Often what enlivens a Mitchell storefront picture is the signage. Like Walker Evans, Mitchell seems to have been seduced by the old letterforms of business names, painted advertisements, and other descriptive words that adorned the outside of the shops. This interest extended to billboards and other painted ads, mostly for beer, cigarettes, and newspapers, sometimes painted on roll down grates or pasted between upper story windows. A few images also add the hand of the anonymous residents via graffiti, urging us to “rave on”, reminding us that “we still live here” (even though the building is boarded up), and cheekily telling us “nosey twat fuck off.” Paired with contrasts and pops of color provided by painted doorframes and striped awnings, these graphic elements and words give the brick facades a splash of personality.

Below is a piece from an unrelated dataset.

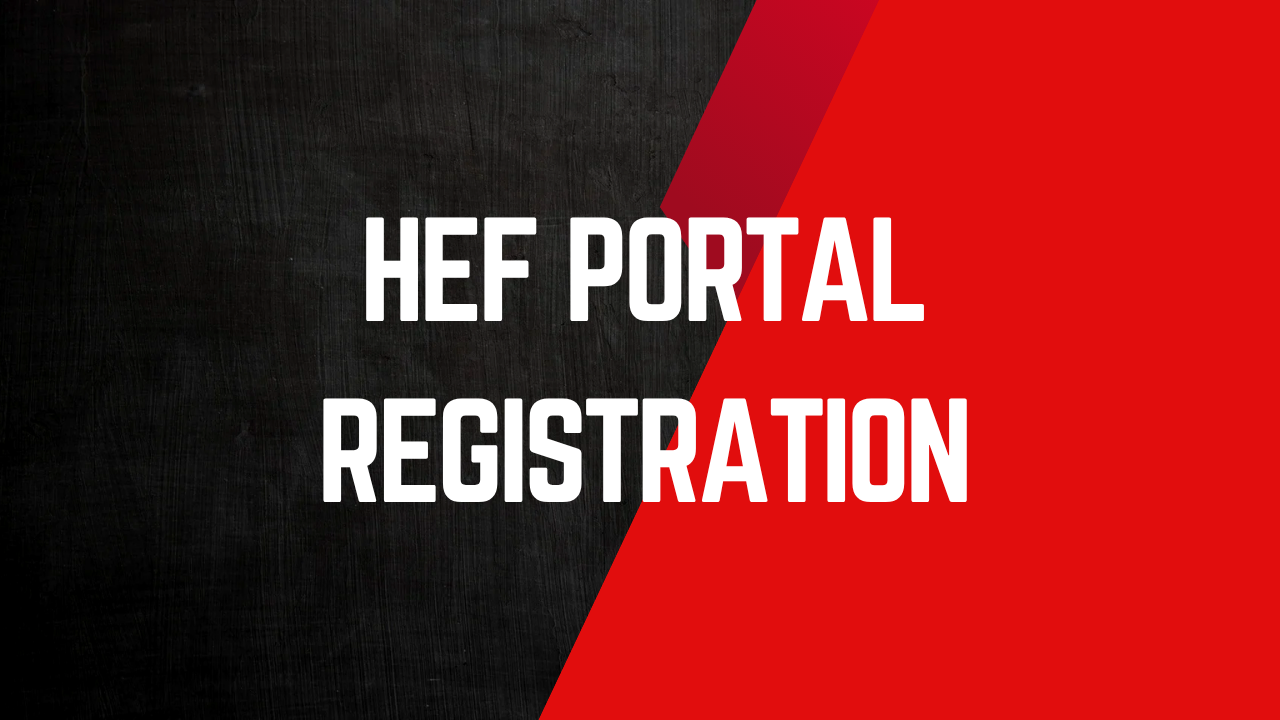 hef portal registration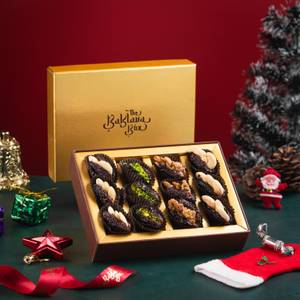 Sunheri Assorted Sugar free Stuffed Dates with Ribbon Packing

Sadly, 1970s Leeds had its fair share of decay and deterioration, and Mitchell’s photographs memorialize plenty of closed and boarded up shops, storefronts to let, and layers of history encrusted on brick walls. Fires seem to have been a particular blight, blackening facades and puncturing roofs, and once the owners gave up or left, broken windows and brick rubble started to encroach even further. Many of Mitchell’s compositions turn the scenes into stripes of foreground, midground, and background, with the street at the bottom and the sky at the top, in a sense organizing the close-up jumble of debris and discarded junk laying around. A handful of images document the old brick row houses and back-to-backs, the march of the chimneys offset by the textures of crumbling ruin. And in a few cases, Mitchell ventures inside to show us old fireplaces and peeling wallpaper (the bold Concorde print is a dated standout), the images infused with a sense of muted nostalgia.

As a photobook, Early Sunday Morning is straightforward and practical, but also serenely calm. Its a decently large book, with square format reproductions that are placed one to a spread on the right (aside from a few like pairings), with plenty of surrounding white space. This leads to a measured page turn pace, and a minimum of distractions, as all the captions and dates are tallied up in a list at the end. It has the feel of slow walking, with local history passing by on each block.

This photobook has grown on me as I have spent time with it, the subtleties and details in the pictures taking their time to reveal themselves. Mitchell’s tendency toward restraint quietly fills these pictures, encouraging us to look more closely at the poetic nuances to be found on the everyday streets of mid 1970s Leeds. Early Sunday Morning is a “hiding in plain sight” kind of photobook, where the photographer’s consistent attention infuses the mundane streets with a durable splash of warmth and care.

Collector’s POV: Peter Mitchell is represented by Galerie Clémentine de la Féronnière in Paris (here). Mitchell’s work has an intermittent history in the secondary markets, with very few lots coming up for sale in any given year. As a result, gallery retail likely remains the best option for those collectors interested in following up.